→ The records
=== Section Start ===

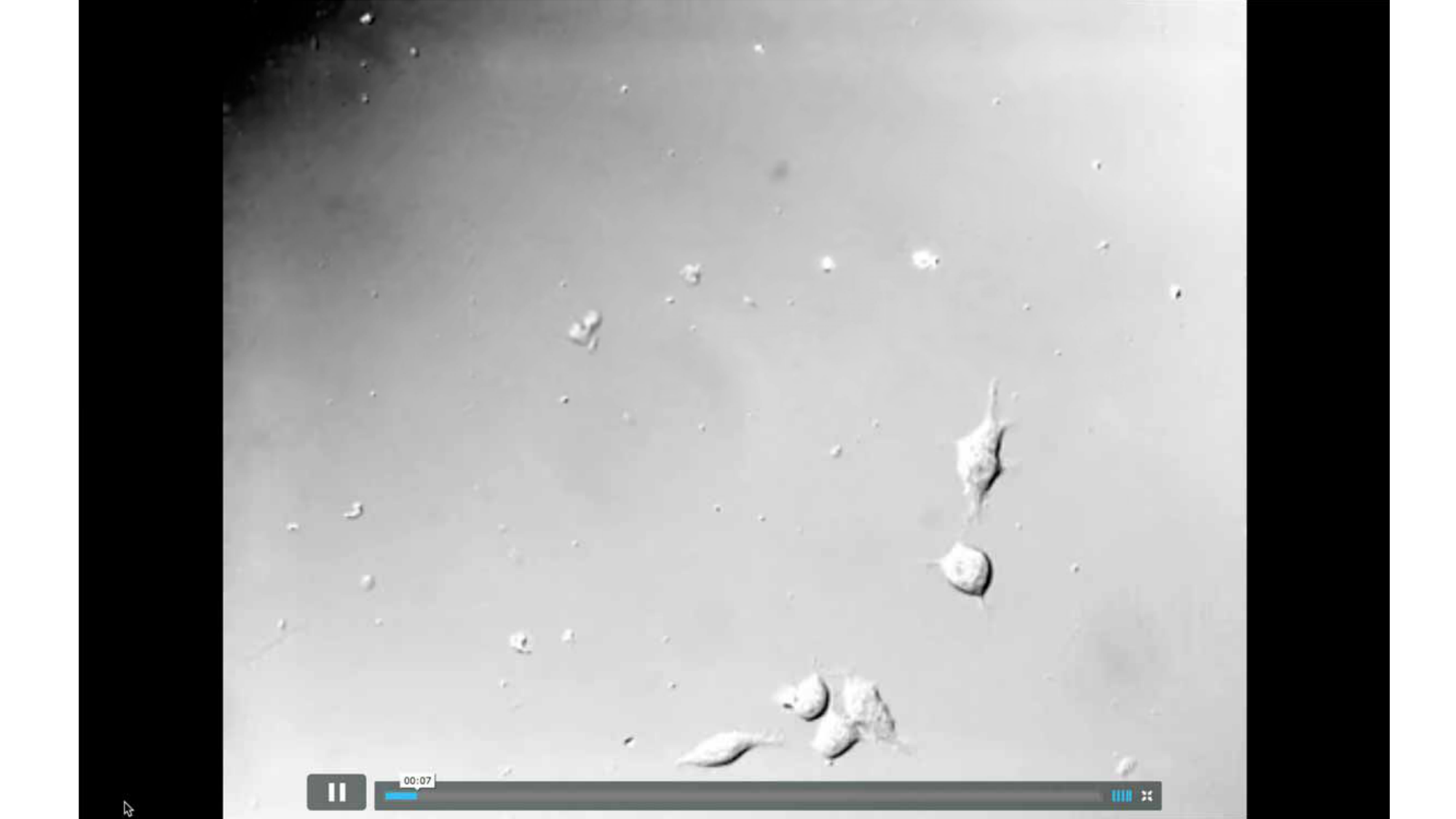 Jabaudon Cours3 23Nov2016 page 30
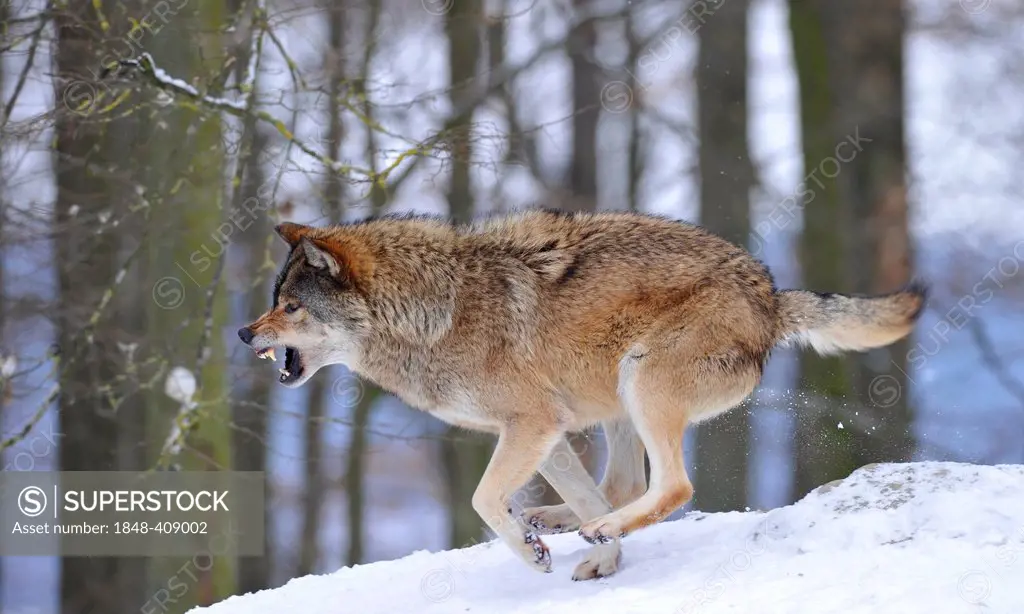 Mackenzie Wolf, Alaskan Tundra Wolf or Canadian Timber Wolf (Canis lupus occidentalis) in the snow, reprimand by the alpha of the pack, aggressive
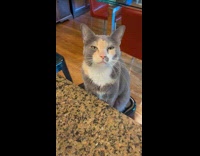 Pet cat on the chair sleepy and meows in a low voice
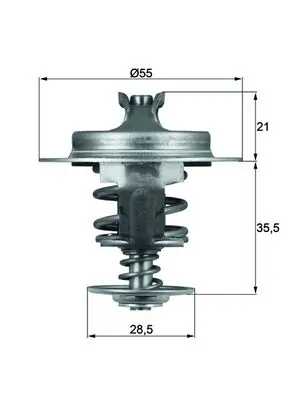 Termostat lichid racire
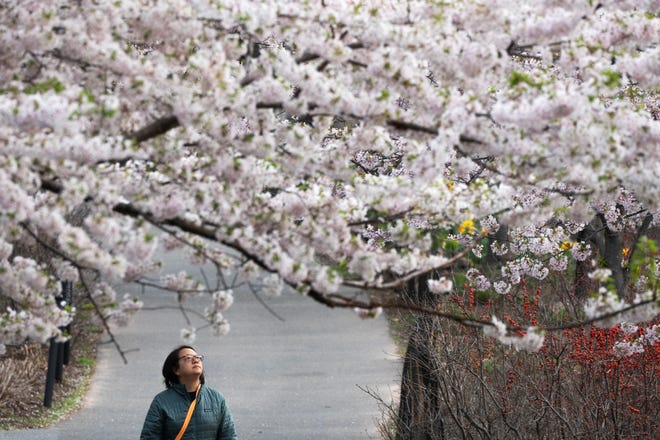 Cherry Blossom trees in full bloom at Branch Brook Park in Newark, NJ on Wednesday April 10, 2024. The Essex County park has a collection of 18 varieties of Japanese Flowering Cherry Blossom trees; with 5,300 trees it is the largest collection of trees in the United States.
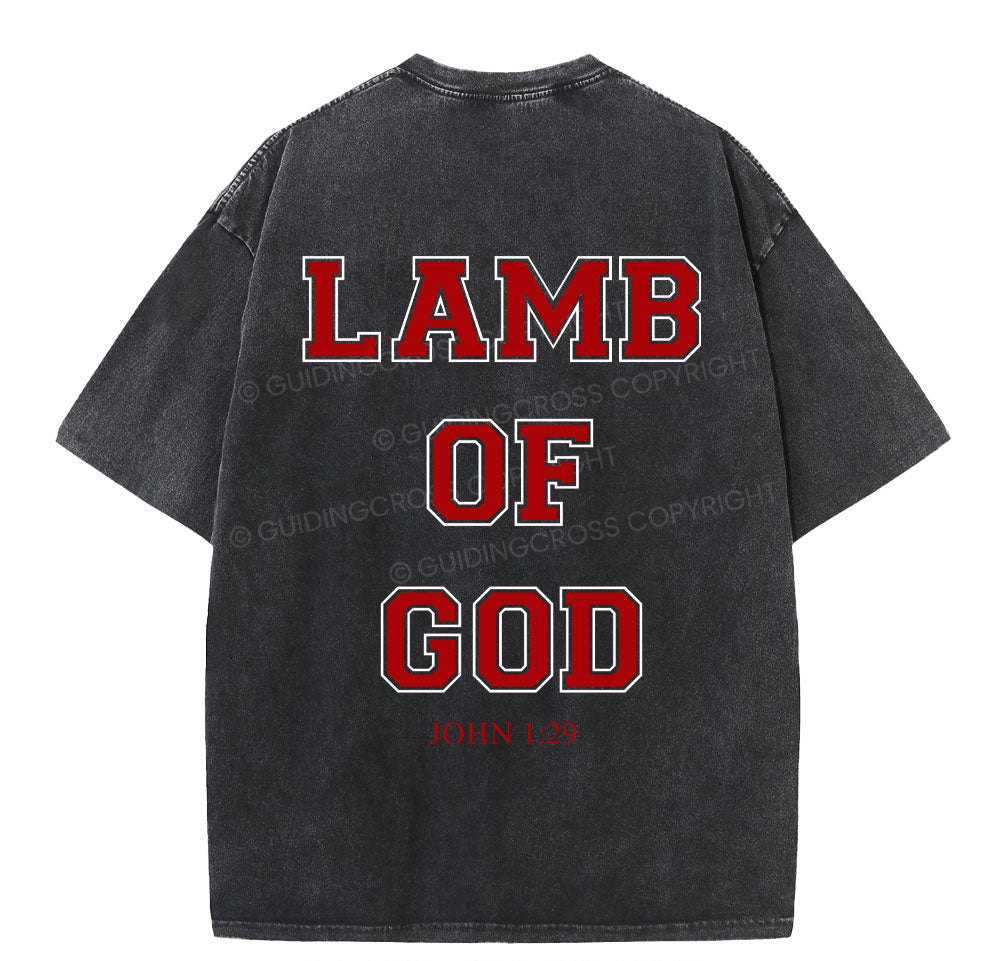 Lamb Of God Christian Washed TShirt  
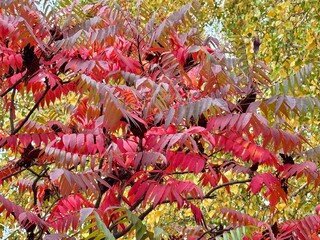 red and yellow leaves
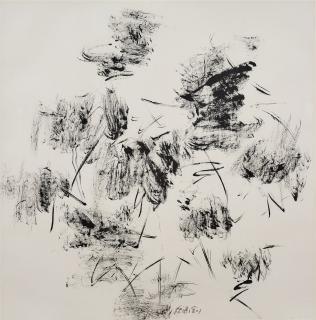 Chua Ek Kay - Lotus series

=== Section End ===

→ Work instruction
Reproduce exactly the entries from their first line through the line containing "Termostat lichid racire", including both, and omit any pictures.

→ Exercise response
 Jabaudon Cours3 23Nov2016 page 30
 Mackenzie Wolf, Alaskan Tundra Wolf or Canadian Timber Wolf (Canis lupus occidentalis) in the snow, reprimand by the alpha of the pack, aggressive
 Pet cat on the chair sleepy and meows in a low voice
 Termostat lichid racire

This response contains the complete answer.